In recent years it has become more and more common to say that the Bible is not a single book, but a whole library of books. This assertion is sometimes put as if it were a new insight, and it is put strongly, combatively, as if it were very important, crucial to the battle for Christianity in the post modern world. 


At the heart of the assertion is the idea that the Bible speaks with many voices that are to some degree in disagreement with each other.  Human authorship in its diversity leads inevitably to discordant voices, especially given the cultural, linguistic, chronological and geographical spread involved. 

The immediate effect of this is that the authority of any part of the scriptures can be waved away relatively easily. Not long ago, in a paper aimed at showing, say, that Romans 1 had nothing to say regarding modern homosexual relationships, attention was paid to the exact Greek words used and their interpretation. Now, with an acceptance that Jesus and Paul have essentially different messages, it is sufficient to classify the latter as the author of some "letters from 2000 years ago" and ditch him without further debate. If this is true of the Pauline corpus, how much more so of the older Testament...

The first thing that can be said about all this is that an awareness of diversity within Scripture isn't actually new at all. All careful students of the Bible, from Chrysostom to Calvin and up to the present, have observed that diversity of genre, cultural background and theological emphasis of the various writings. Indeed, good exegesis has been in large part precisely the struggle to interpret scripture in a way that does justice to its historical and diverse nature. It was understood that God had spoken through history in a progressive way and in diversified forms - a conviction that perhaps had its roots in Heb 1:1? - and that respect for that diversity was an essential key to hearing his voice. 

If there was a sea change in the thinking about the nature of scripture, it wasn't particularly recent. It was in the 19th century that scholars began to teach the human authorship of the Bible  in a way which downplayed or denied the divine element. It was in that period that the idea of incompatible theologies, of discordant voices, of irreconcilable differences between texts began to come in. Although lone voices had said some of these things before, the 19th century saw a new acceptability and broader consensus, at least in the universities, that scripture must be read in a way that effectively ruled out looking for a common thread of truth from a self-consistent God. Human authorship, not divine, became the sole principle governing interpretation. 

The recent development has been that such thinking has started to come into parts of the church which have been regarded as evangelical, and some of which still wish to regard themselves and be regarded as evangelical. That is new. It is part of a trend that has been going on for a while, with the goalposts continuously on the move, but this element represents a further stage of the outcropping of 19th century liberalism into mainstream, evangelical church life.  

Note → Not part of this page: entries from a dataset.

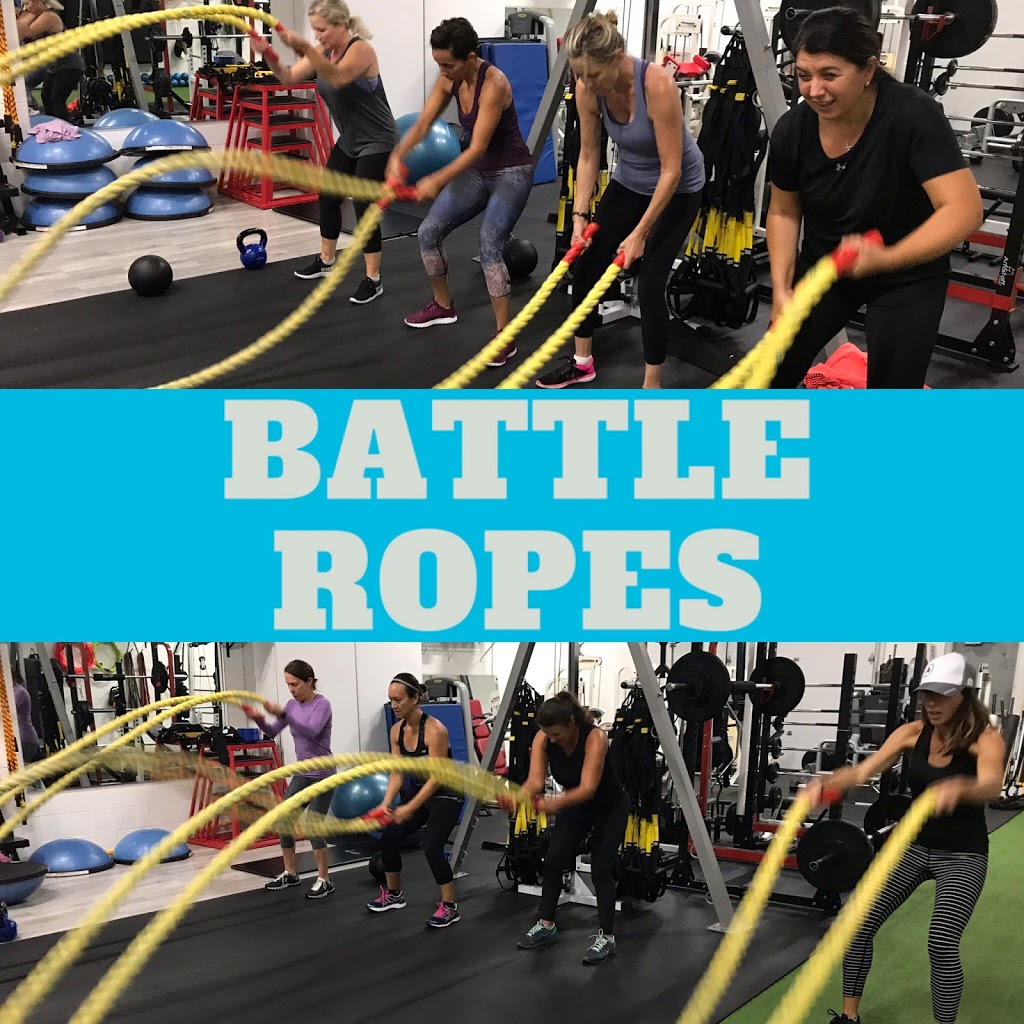 Revolution Fitness Centre | 220 Wyecroft Rd #49, Oakville, ON L6K 3T9, Canada | Phone: (416) 732-9134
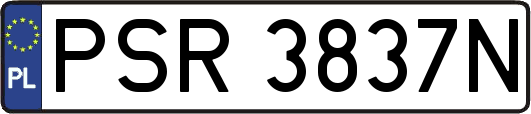 PSR3837N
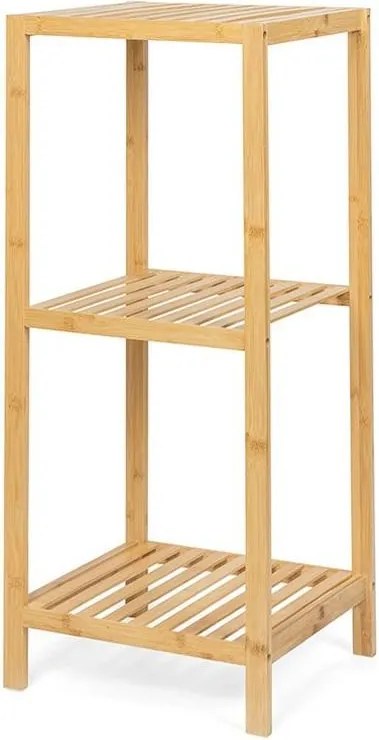 Raft din bambus AVENBERG BAMBU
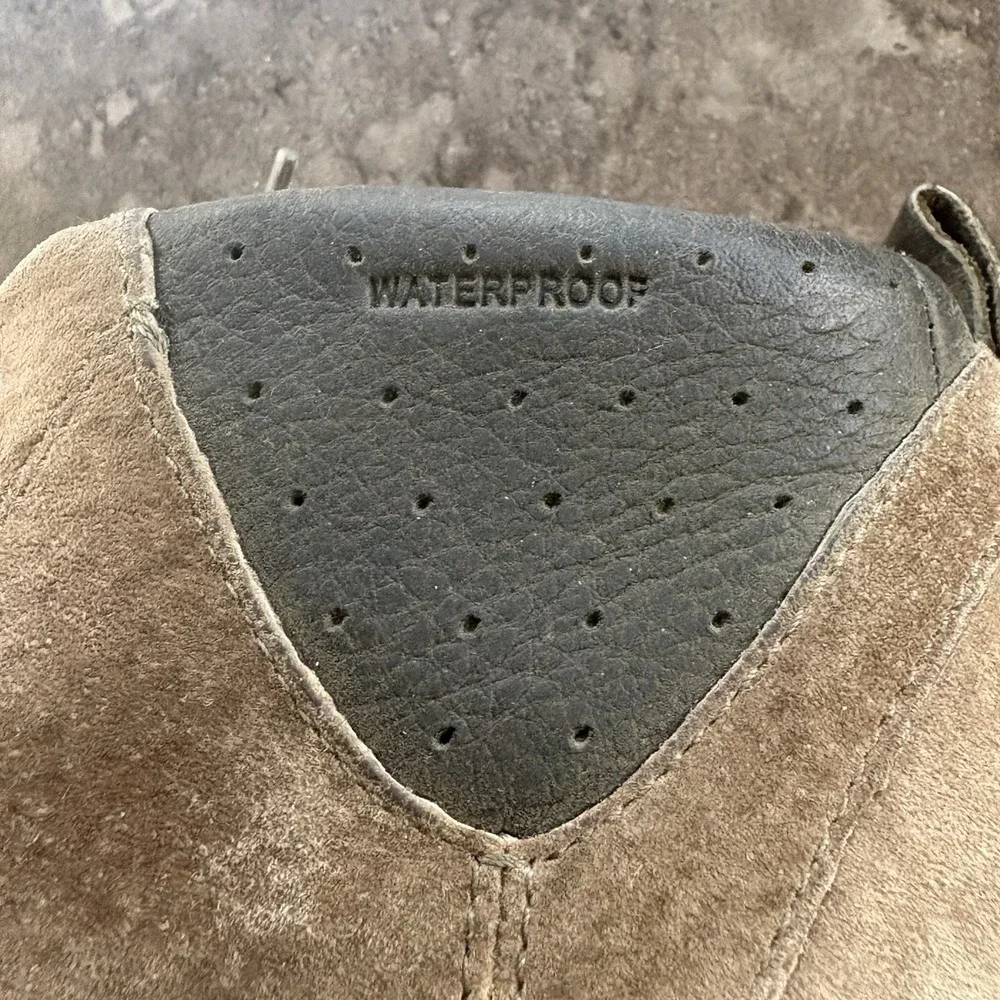 Teva men waterproof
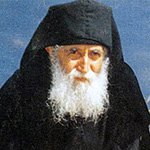 Старец Паисий Святогорец фото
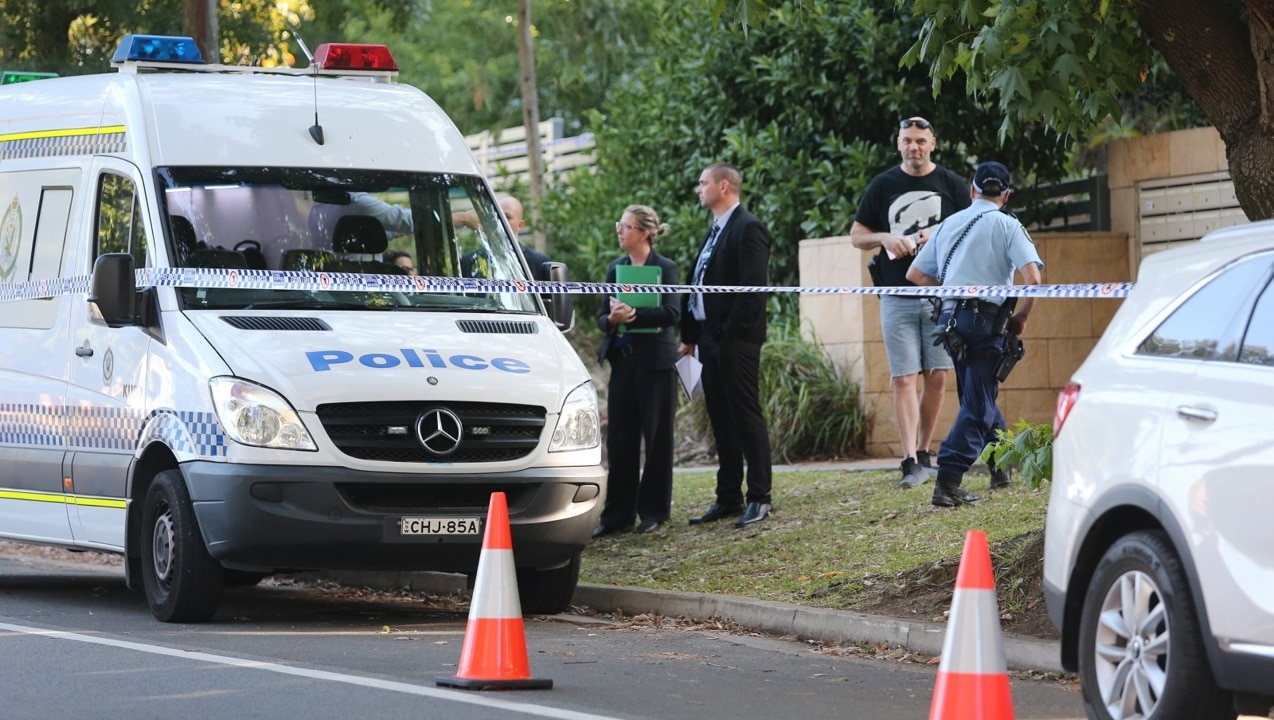 Woman’s Body Discovered In Sydney Apartment | News.com.au — Australia’s ...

This is a disaster. It would be hard to overstate the corrosive, poisonous effects of such a line of thought. It is destructive of Christian Faith at its very heart, makes preaching all but impossible, and leaves the church adrift on the chaotic cross-currents of postmodernity. Or, to put it another way, it is the intellectual leaders' desire to appease and to live happily with the postmodern world that is stealing the bread of heaven from the mouth of the congregations of believers. 

It doesn't square with Jesus' attitude to Scripture. 

If we allow that the gospel narratives paint in any way a coherent and authoritative picture of Jesus, then we have to take on board his attitude to the OT scriptures if we want to be his disciples.  (I am aware that there is a school of thought which denies any such coherence or historical authenticity to the gospels, but if we can't believe in that Jesus, then there is no Jesus who we can believe in and Christianity slips through our fingers completely.) 

One repeated motif of the gospels is Jesus' self-awareness as both being and achieving the fulfilment of the scriptures. Although at times it is the gospel narrator who sees an event happening "in fulfilment", at others the idea is put on Jesus' own lips. Perhaps the classic passage is Luke 24, where the resurrection is explained as being the fulfilment of Jesus' own words (6-8) but also as fulfilment of the OT scriptures. These are classically, Jewishly, classified into their three great divisions - Moses/Torah, Prophets and Psalms/Writings.  

Jesus sees those divisions as speaking with a united voice, and he sees himself as the subject of their message. He does not give a hint that Moses, the Prophets and the Psalms have different voices, or that they are of unequal value, or that one part speaks of him but others don't. He affirms that all the sections - indeed, "all the Scriptures" v27 cf. 45 - speak of him. In fact, in the light of v45 we can arguably go further - for Jesus and then for his disciples, to understand the scriptures is precisely to understand how, with one voice, they speak of him. 

Undergirding this understanding is the awareness that behind the human authors, in all their diversity of content, culture, genre and style, is a single Author, who reveals himself in a coherent, self-consistent and progressive way through the writings of many human authors. When Jesus speaks of the "Word of God" in Luke 11:28, whatever Christological resonances we may be tempted to find, our primary understanding must be that, like any Jew of his time, he is referring to the scriptures and to the  the Torah specifically. 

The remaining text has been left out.